For uniform\((0,1)\) random variables \(U_1,U_2,...,\) define \(N=min\left\{n:{\sum_{i=1}^{n}U_i}>1\right\}\)
That is,\(N\) is the number of random numbers that must be asummed to exeed 1.
Estimate E(N) with standard errors by generating 1,000, 2,000, 5,000, 10,000, and 100,000 values of \(N\), and check if there are any patterns in the estimate and its s.e.
Compute the density function of \(N\), \(E(N)\), and \(Var(N)\).
You think you know baseball? Do home run hitters have the highest batting averages? Think about this hypothesis, then analyze the following experience based on a half season with the Braves:
Batting Average(.252,.305,.299,.303,.285,.191,.283)
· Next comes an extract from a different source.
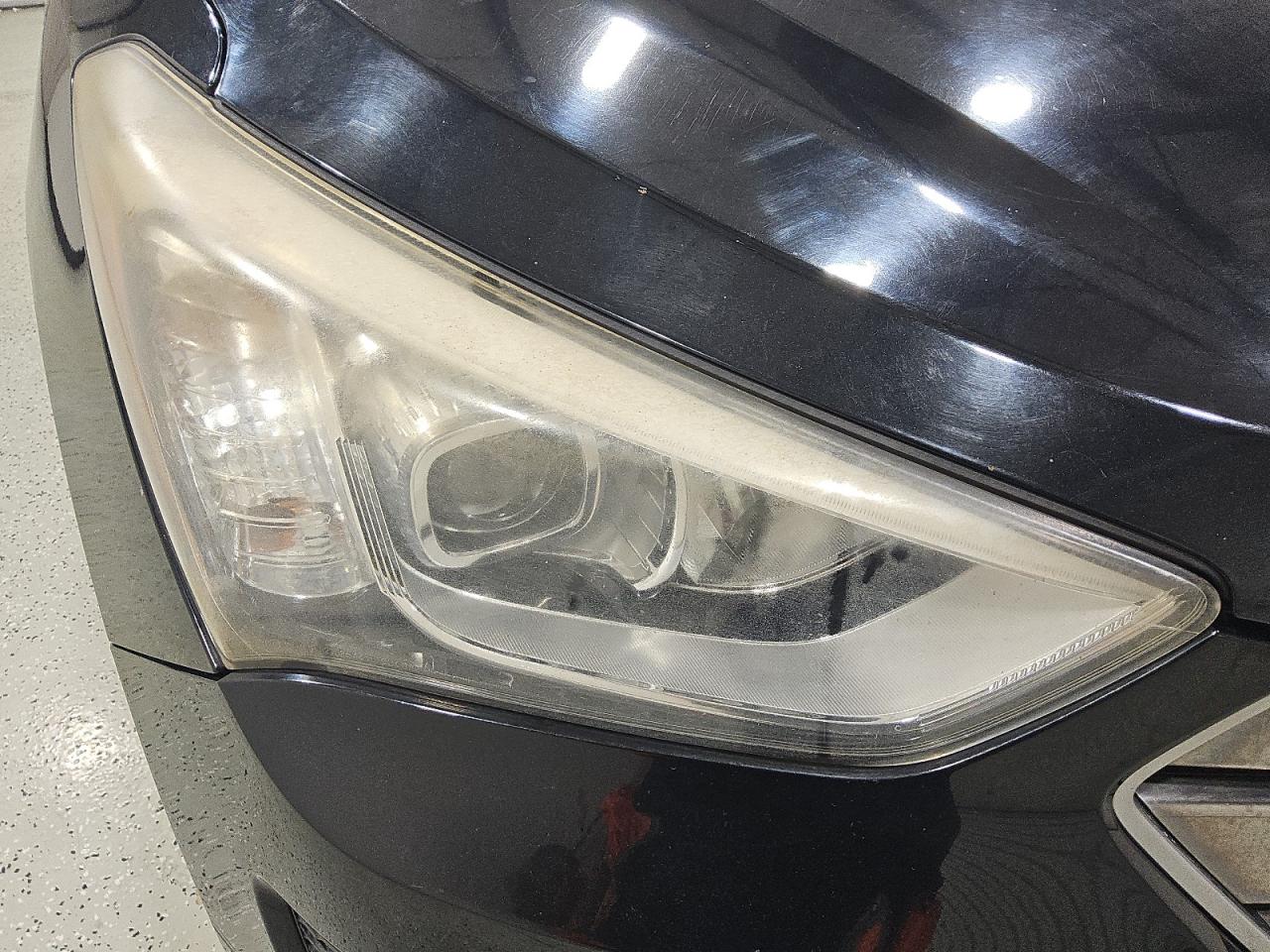 2015 Hyundai Santa Fe Sport 2.4l Black vin: 5XYZTDLB7FG246615 Damage: Right Head Lamp, Faded, Repair Required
Home Runs(12,6,4,15,2,2,16)
Batting Average(.272,.310,.266,.215,.211,.244,.320)
Home Runs(6,8,10,0,3,6,7)
Similar to what Efron did in the Law school data example, compute the bootstrap simulation for 50, 100, …, 10,000 replications. But, instead of using the original 15 observations, we want to know if the number of observations plays an important role. Randomly select 10, 15, 20, and 25 observations and then see if the bootstrap variance converges as the number of replications increases. (Note: You also need to compare your results with that of population.)
The block bootstrap can be used in prediction for dependent data. Use the built-in data “sunspot.year” in R, which is can be modeled as an AR(2) model, compare the difference of prediction via block bootstrap and AR(2) model. As a check, you can leave the final 10 observations as “testing” data.
If d is the minimum distance between any pair of n uniformly distributed points from a unit square, then \(n(n-1)d^2\sim Exp(\frac{2}{\pi})\) provided that n is sufficiently large. Using R to check this result: First, write a function to produce n points uniformly distributed from the unit square. Then, write a function to calculate the smallest distance between any pair of n points. Change the value of n, perform simulation, and comment on what you find.